(Records for this task)
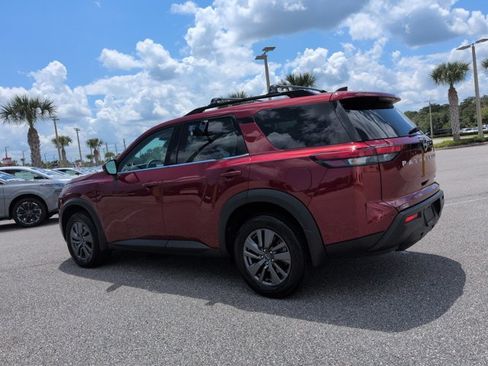 Used 2024 Nissan Pathfinder SV FWD image 7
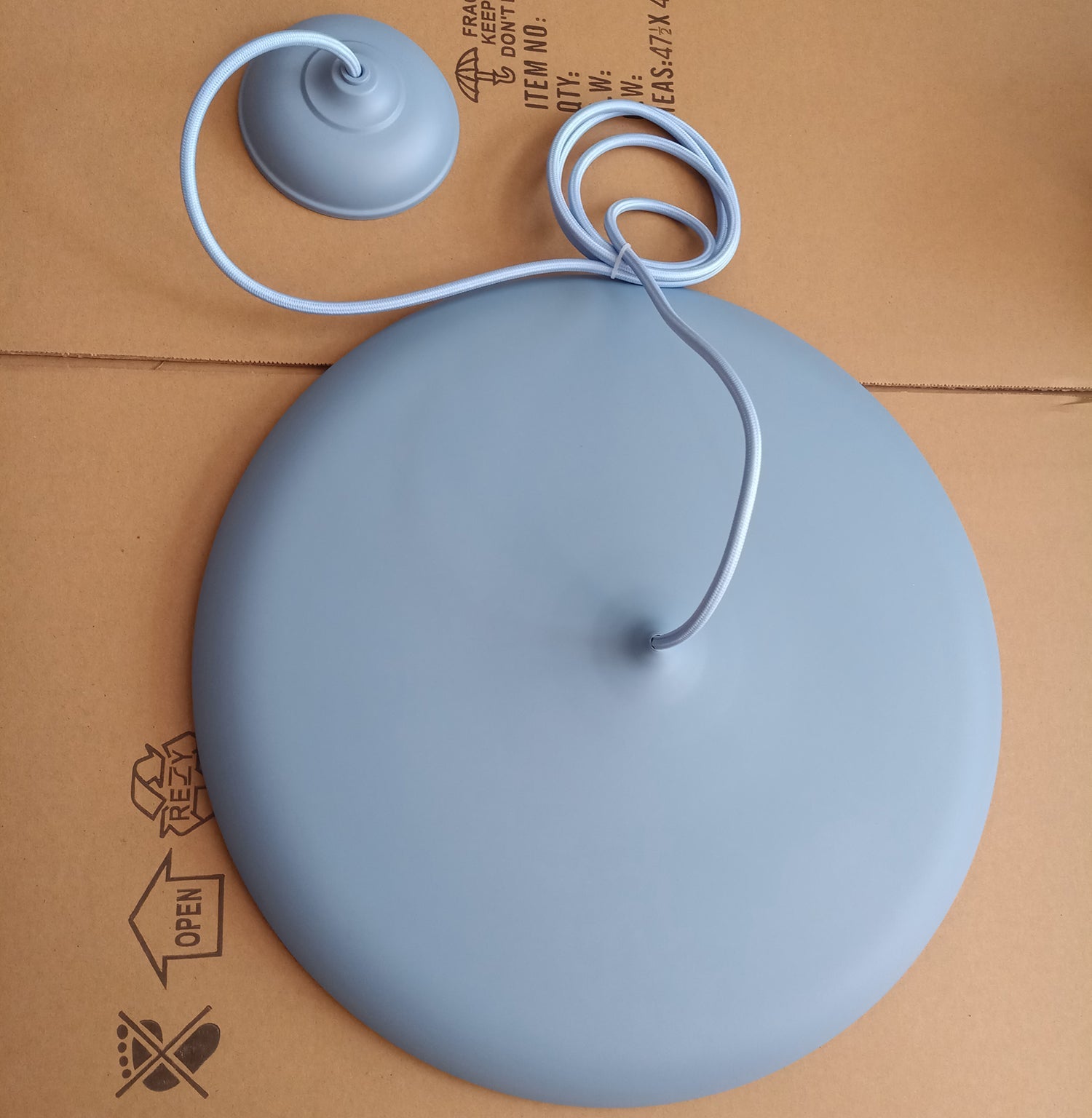 Lampa wisząca okrągła Avekek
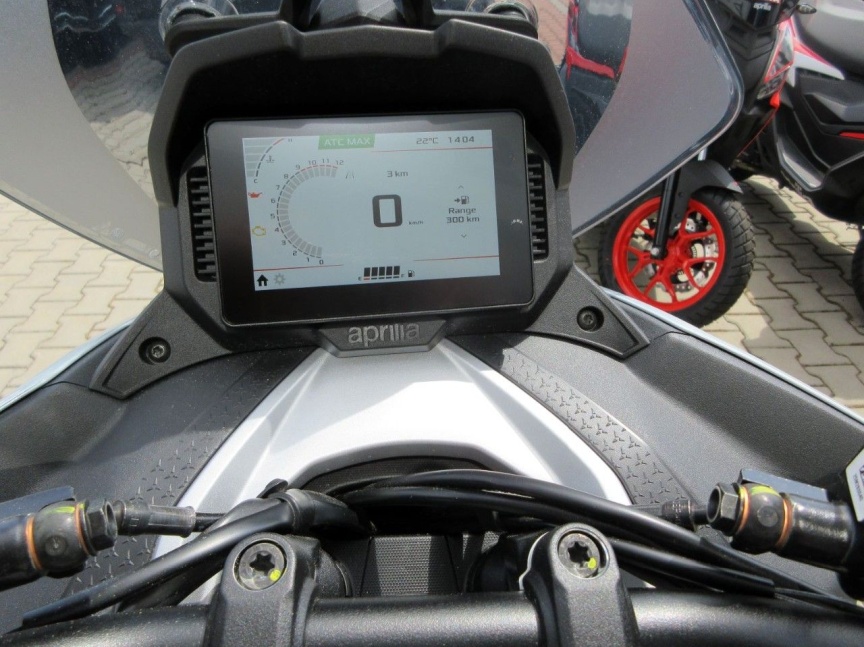 Aprilia SR GT 400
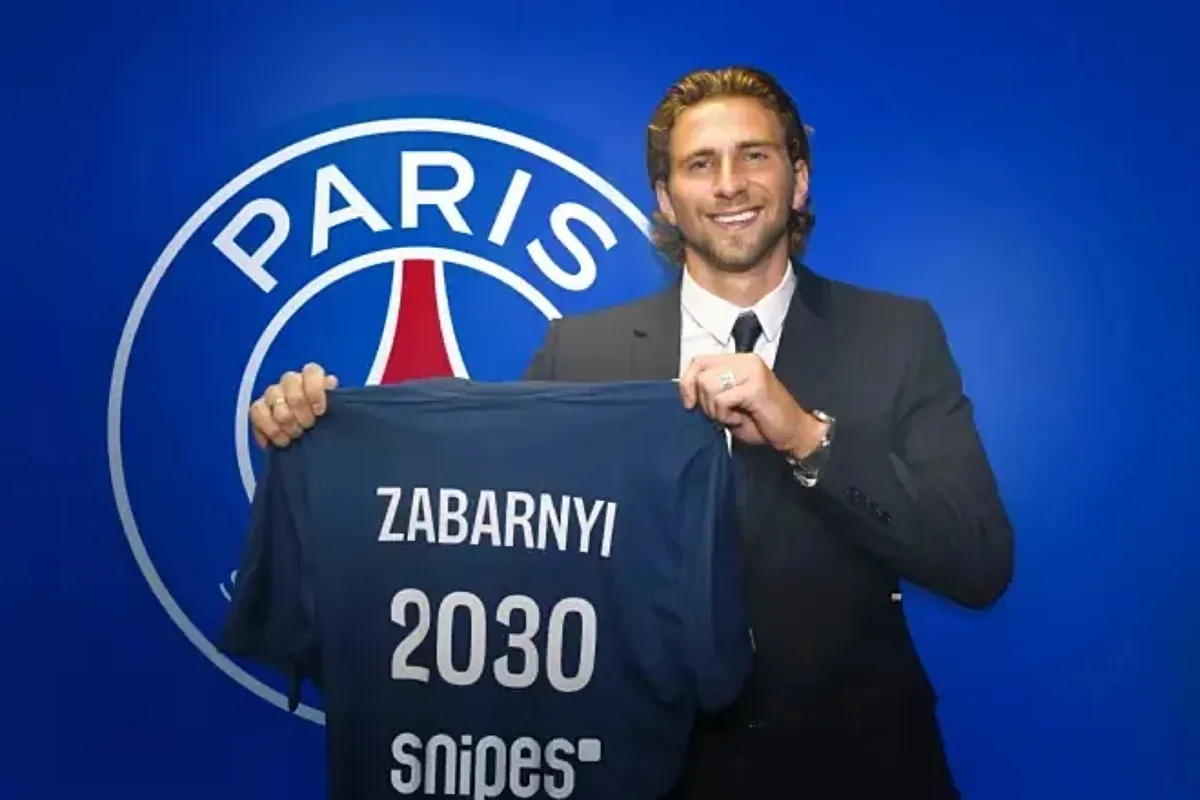 Le PSG tient son nouveau défenseur central : Zabarnyi s'engage pour 68 millions.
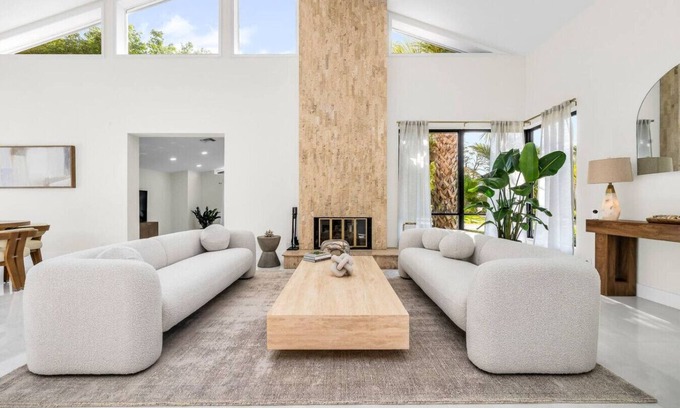 Delray Beach Apartment | Gorgeous Modern Beach Pool House Sleeps 8 Central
(End Records for this task)
#### Required work:
Exactly repeat the data above; the pictures do not belong in your copy.

#### Output below:
 Used 2024 Nissan Pathfinder SV FWD image 7
 Lampa wisząca okrągła Avekek
 Aprilia SR GT 400
 Le PSG tient son nouveau défenseur central : Zabarnyi s'engage pour 68 millions.
 Delray Beach Apartment | Gorgeous Modern Beach Pool House Sleeps 8 Central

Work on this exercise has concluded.